Automated Cron Enumeration:

Scans all common locations for scheduled cron jobs.

Vulnerability Detection:

Identifies writable scripts, unquoted paths, and jobs using insecure directories (e.g., /tmp).

Exploit Suggestions:

Recommends the best exploit strategy based on real-world weaknesses.

Multiple Payload Options:

Supports reverse shell, persistence, root markers, and custom commands.

Interactive CLI:

Guides the attacker through each exploitation step.

Standalone Binary:

Built with PyInstaller for portability – no Python required at runtime.

How Does It Work?

Cronic operates by automating a series of common post-exploitation checks and privilege escalation tactics that target misconfigured or insecure cron jobs. Here's a breakdown of its workflow:

Cron Job Enumeration

Cronic scans all known cron job sources, including:

/etc/crontab

/var/spool/cron/crontabs/ (per-user cron entries)

User-defined crontabs (via crontab -l)

It parses these jobs to extract the schedule, command, user, and environment context.

Job Analysis

Each job is analyzed for common privilege escalation vulnerabilities:

Unquoted paths: Commands or scripts with spaces that aren't properly quoted.

Writable paths: Scripts or binaries that are writable by the current user.

Suspicious locations: Jobs running from insecure locations like /tmp/ or world-writable directories.

This analysis results in a list of potentially exploitable conditions.

Exploit Recommendation

Based on the findings, Cronic suggests the most appropriate payload. For example:

Writable root-level cron script → Reverse shell

Unquoted space in a command → Root marker

Persistent backdoor path → Cron persistence

The attacker is then shown all available payload options and can override the default.

 

Writable Target Detection

Cronic filters out cron job entries that reference scripts or binaries not writable by the current user. It ensures:

The target file exists.

The file is writable.

The script is actively scheduled by cron.

Only these verified scripts are presented as viable exploit targets.

 

Payload Injection

Once a script is selected, the tool safely appends the selected payload to the end of the script. Payloads are injected in raw shell format (no wrapping .sh headers), and no duplicate injections occur unless the script is overwritten repeatedly.

 

Execution via Cron

Because the script is already scheduled to run by cron, no further action is needed. The injected payload will execute according to the cron schedule — often within 1–2 minutes.

Why Use It?

Speed: Instantly identify cron-based privilege escalation vectors.

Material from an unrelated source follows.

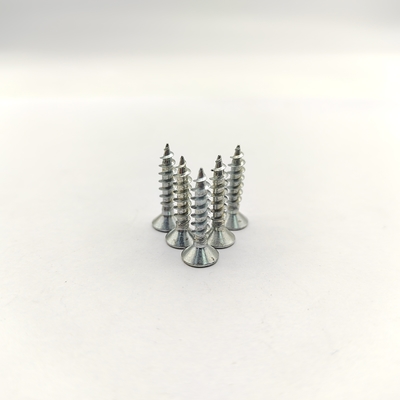 Vít tự ren đầu bằng Phillips thép không gỉ M3-M8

Simplicity: No need to manually inspect cron files or permissions.

Reliability: Only targets active, writable scripts with actual cron triggers.

Flexibility: Includes payload options for various scenarios, or allows full custom commands.

Stealth: Designed for clean and minimal interaction with system logs and files.

Usage

Quick Start


Download the script:

DOWNLOAD cronic.bin

(Or upload it from your own source.)


Make it executable:

chmod +x cronic.bin


Run the script:

./cronic.bin

 

The tool will guide you through:

  • Cron job enumeration

  • Vulnerability analysis

  • Writable script detection

  • Exploit recommendation

  • Payload selection

  • Payload injection

Options and Tips

 

Payloads Available

reverse_shell.sh - Sends a bash shell back to the attacker (requires open listener)

root_marker.sh - Creates files in /tmp to prove code execution as root

cron_persist.sh - Adds a reverse shell to the crontab for persistent access

manual_payload - Lets you enter your own shell command to inject

  • Use reverse_shell.sh for quick root shells (ensure your listener is running).

  • Use root_marker.sh to prove code execution in CTF scenarios.

  • Use manual_payload for inserting reconnaissance or custom commands.

  • For best results, use cron jobs scheduled every minute: * * * * *.

Note

  • No dependencies required.

  • Permissions: If no writable cron targets are found, privilege escalation via Cronic won't be possible.

  • Safe Injection: Cronic only injects into scripts that are both writable and tied to real, running cron jobs.

  • For educational & security auditing use only.
    Always have authorisation before running enumeration tools on production systems.